Crawled caption data
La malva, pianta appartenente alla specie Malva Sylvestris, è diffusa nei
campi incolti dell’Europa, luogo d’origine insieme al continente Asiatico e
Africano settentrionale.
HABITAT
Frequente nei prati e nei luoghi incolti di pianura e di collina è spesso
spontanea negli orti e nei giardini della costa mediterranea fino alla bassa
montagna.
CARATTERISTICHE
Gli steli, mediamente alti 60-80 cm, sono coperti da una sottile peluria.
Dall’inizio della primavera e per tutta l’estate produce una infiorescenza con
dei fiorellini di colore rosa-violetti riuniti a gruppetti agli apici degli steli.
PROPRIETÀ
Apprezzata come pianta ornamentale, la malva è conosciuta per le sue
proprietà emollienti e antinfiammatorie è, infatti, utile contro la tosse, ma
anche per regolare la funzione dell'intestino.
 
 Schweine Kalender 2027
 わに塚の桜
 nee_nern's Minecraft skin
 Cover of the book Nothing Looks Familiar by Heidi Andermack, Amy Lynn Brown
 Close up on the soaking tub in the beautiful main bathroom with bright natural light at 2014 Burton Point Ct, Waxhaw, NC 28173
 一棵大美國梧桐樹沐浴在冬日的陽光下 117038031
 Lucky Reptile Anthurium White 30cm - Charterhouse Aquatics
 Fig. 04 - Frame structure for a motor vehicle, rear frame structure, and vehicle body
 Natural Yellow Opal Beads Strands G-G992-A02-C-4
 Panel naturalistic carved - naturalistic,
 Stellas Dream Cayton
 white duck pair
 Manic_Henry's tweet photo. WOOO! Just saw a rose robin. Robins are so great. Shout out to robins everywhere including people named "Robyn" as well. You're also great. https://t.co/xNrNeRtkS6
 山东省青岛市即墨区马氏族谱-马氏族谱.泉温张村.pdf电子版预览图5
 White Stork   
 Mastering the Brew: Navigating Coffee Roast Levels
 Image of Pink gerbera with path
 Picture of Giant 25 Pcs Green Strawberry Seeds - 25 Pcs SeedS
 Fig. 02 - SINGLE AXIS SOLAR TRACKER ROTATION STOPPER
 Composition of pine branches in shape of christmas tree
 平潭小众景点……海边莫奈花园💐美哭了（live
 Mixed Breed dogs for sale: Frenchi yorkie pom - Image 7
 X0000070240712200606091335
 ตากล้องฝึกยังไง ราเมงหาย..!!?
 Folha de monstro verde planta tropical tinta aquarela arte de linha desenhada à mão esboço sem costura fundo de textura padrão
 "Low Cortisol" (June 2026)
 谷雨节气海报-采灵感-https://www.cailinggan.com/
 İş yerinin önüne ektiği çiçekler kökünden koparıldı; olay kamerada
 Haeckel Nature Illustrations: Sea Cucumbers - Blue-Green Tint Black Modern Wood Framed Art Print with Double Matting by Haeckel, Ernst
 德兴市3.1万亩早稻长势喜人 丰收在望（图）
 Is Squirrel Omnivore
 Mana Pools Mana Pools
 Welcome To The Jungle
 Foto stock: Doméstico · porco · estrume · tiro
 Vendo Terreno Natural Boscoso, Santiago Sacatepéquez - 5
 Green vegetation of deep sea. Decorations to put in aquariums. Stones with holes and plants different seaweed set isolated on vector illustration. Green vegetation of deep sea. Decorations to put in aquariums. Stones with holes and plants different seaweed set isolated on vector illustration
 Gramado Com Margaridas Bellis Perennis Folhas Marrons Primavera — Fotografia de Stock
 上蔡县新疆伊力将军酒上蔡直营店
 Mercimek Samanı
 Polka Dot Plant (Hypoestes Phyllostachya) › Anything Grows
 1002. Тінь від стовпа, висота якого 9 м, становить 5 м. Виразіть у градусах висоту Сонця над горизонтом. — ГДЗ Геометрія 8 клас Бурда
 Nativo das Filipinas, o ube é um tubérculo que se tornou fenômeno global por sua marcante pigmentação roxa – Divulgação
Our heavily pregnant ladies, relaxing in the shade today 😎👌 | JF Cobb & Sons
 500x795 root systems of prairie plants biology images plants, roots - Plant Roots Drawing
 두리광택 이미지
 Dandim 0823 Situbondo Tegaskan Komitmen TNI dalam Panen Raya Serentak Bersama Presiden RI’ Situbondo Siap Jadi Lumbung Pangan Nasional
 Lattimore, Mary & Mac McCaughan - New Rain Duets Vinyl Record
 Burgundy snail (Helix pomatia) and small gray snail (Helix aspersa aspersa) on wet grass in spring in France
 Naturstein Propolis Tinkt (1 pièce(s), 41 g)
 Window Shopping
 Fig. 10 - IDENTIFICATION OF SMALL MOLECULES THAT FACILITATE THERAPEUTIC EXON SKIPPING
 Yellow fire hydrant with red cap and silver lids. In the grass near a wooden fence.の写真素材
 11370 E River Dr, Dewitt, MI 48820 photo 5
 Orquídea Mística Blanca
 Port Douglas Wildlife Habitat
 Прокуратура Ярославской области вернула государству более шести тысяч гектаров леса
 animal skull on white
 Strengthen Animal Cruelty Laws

Problem requirements ▸
Would you print, exactly as written, every line above from the one holding "一棵大美國梧桐樹沐浴在冬日的陽光下 117038031" through the one holding "ตากล้องฝึกยังไง ราเมงหาย..!!?", with both included and no other lines?

Result ▸
 一棵大美國梧桐樹沐浴在冬日的陽光下 117038031
 Lucky Reptile Anthurium White 30cm - Charterhouse Aquatics
 Fig. 04 - Frame structure for a motor vehicle, rear frame structure, and vehicle body
 Natural Yellow Opal Beads Strands G-G992-A02-C-4
 Panel naturalistic carved - naturalistic,
 Stellas Dream Cayton
 white duck pair
 Manic_Henry's tweet photo. WOOO! Just saw a rose robin. Robins are so great. Shout out to robins everywhere including people named "Robyn" as well. You're also great. https://t.co/xNrNeRtkS6
 山东省青岛市即墨区马氏族谱-马氏族谱.泉温张村.pdf电子版预览图5
 White Stork   
 Mastering the Brew: Navigating Coffee Roast Levels
 Image of Pink gerbera with path
 Picture of Giant 25 Pcs Green Strawberry Seeds - 25 Pcs SeedS
 Fig. 02 - SINGLE AXIS SOLAR TRACKER ROTATION STOPPER
 Composition of pine branches in shape of christmas tree
 平潭小众景点……海边莫奈花园💐美哭了（live
 Mixed Breed dogs for sale: Frenchi yorkie pom - Image 7
 X0000070240712200606091335
 ตากล้องฝึกยังไง ราเมงหาย..!!?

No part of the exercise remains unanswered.